Its a little smoother with that larger cam, it loads up quick. It has almost made me to decide to sell my element , buy the charger and shoot my matrix for tournaments. If I sell the rest of my tournament Bass gear and my Nitro boat you can bet the wife will not even notice the difference.
like you said its so similar to the spider on the shot that Hoyt may have shot themselves in the foot with the charger.
This isnt something I say lightly either.

Sent from my DROID RAZR using Tapatalk 2


----------



## CelticSavage (Apr 3, 2010)

There will still be a lot of people that will flock to the Spider and Element that won't even look at the Charger in my opinion because of the price. Which is sad. It really is a heck of a bow.


----------



## Whisky (Jan 25, 2010)

CelticSavage said:


> There will still be a lot of people that will flock to the Spider and Element that won't even look at the Charger in my opinion because of the price. Which is sad. It really is a heck of a bow.


This is true. The Charger is an absolute wonderful bow for the money. I was told $650 for the package, didn't get a bare bow price.....Also, price tag on the Spyders were $899 and on the Carbons $1399. 

I prefer a longer ATA bow, so the Spyder 34 is for me. If the Charger were that, I'd be all over it..


----------



## CelticSavage (Apr 3, 2010)

I believe the Charger would be great at an even higher price. They are going for 600$ here for the package and 500$ bare. Spider was 850


----------



## Beentown (May 14, 2006)

CelticSavage said:


> I believe the Charger would be great at an even higher price. They are going for 600$ here for the package and 500$ bare. Spider was 850


They told me the Spyders, no matter configuration, were goingt o be $849. Same for you?


----------



## CelticSavage (Apr 3, 2010)

Beentown said:


> They told me the Spyders, no matter configuration, were goingt o be $849. Same for you?


Sent you a pm


----------



## CelticSavage (Apr 3, 2010)

When I talked to the sales associate he said they were gonna be 900


----------



## Inssano (Mar 6, 2012)

Spyders are 750 here in indiana at a local shop. I was very impressed by the spyder and new element was sick. Didn't shoot the charger but the price is great. Good competition for the assassin. Great to see hoyt stepping up and giving another option for guys that want quality but not a 1000 dollar bare bow price.


----------



## fightingbear (Oct 30, 2012)

Has anyone had the opportunity to shoot this bow, as well as the rampage xt? I recentlyt shot the rampage xt and I really liked it better than the assassin that was a comparable price. However I need the bow in a 31 inch draw, so the shop I was at suggested to order the charger long draw. 

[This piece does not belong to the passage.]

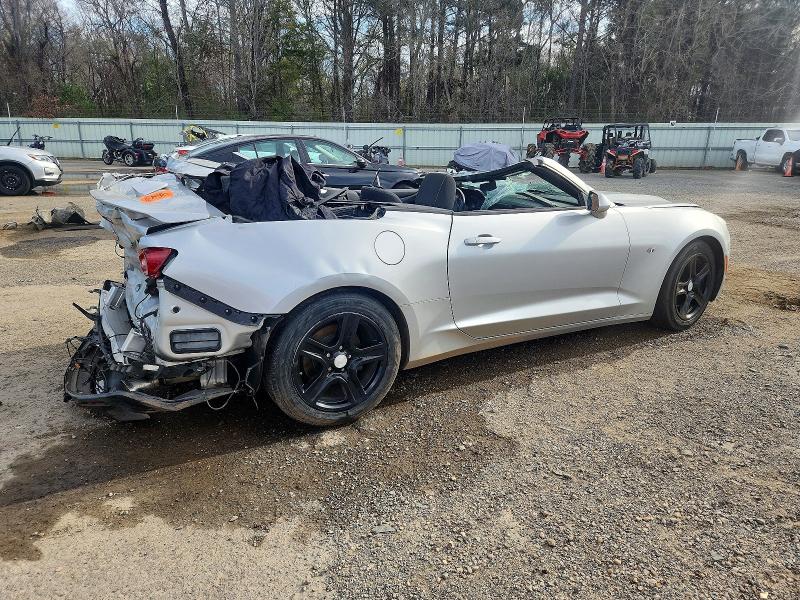 Photo 3 from auction – 2019 CHEVROLET CAMARO LS with VIN 1G1FB3DS3K0141352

I guess Im a little skeptical since the price seems so good and it has a different cam system than the charger. Has anyone shot both? Are the draw and hold as smooth and solid as was on the rampage xt?


----------



## CelticSavage (Apr 3, 2010)

The draw is actually smoother than the Rampage CT. And the back wall is solid as rock. The Charger is a heck of a lot of bow at that price. Very smooth!

Sent from my SAMSUNG-SGH-I997 using Tapatalk 2


----------



## fightingbear (Oct 30, 2012)

I appreciate your help, Celtic Savage.


----------



## CelticSavage (Apr 3, 2010)

No problem. I think you will like it. It truly is a great bow and a steal at that price.

Sent from my SAMSUNG-SGH-I997 using Tapatalk 2


----------



## Rockindaddy1967 (Sep 14, 2012)

Chargers replacing rampage as stated above prob 650 for package and the spider replacing the vector approx 950 according to my shop


----------



## CelticSavage (Apr 3, 2010)

The Charger is 599.99 for the package here and the Spyder is 849.99

Sent from my SAMSUNG-SGH-I997 using Tapatalk 2


----------



## DaveCad (Sep 21, 2012)

I just picked one up for $499. I actually bought the first one the store has sold, they just got their shipment of them in today and all the boxes were sitting there on the floor when I walked in. I actually went there to buy the Rampage XT. I drew back the Rampage XT and the Charger in the store and I couldn't believe how much smoother a draw the Charger had. I liked the way the Rampage XT was constructed but the Charger is such a sweet bow to shoot and couldn't be more happy with it. I shot it for 2 hours at the indoor range in the store and was amazed how quiet and smooth the bow is.


----------



## cc122368 (May 30, 2010)

I had the Rampage and the Vector turbo a Matrix and many other I was realy happy when I drew the Charger got me a blackout 499.00 was the price on it bare my dealer sold me enough stuff to get me in the woods better than the package stuff 560.00 out the door.


----------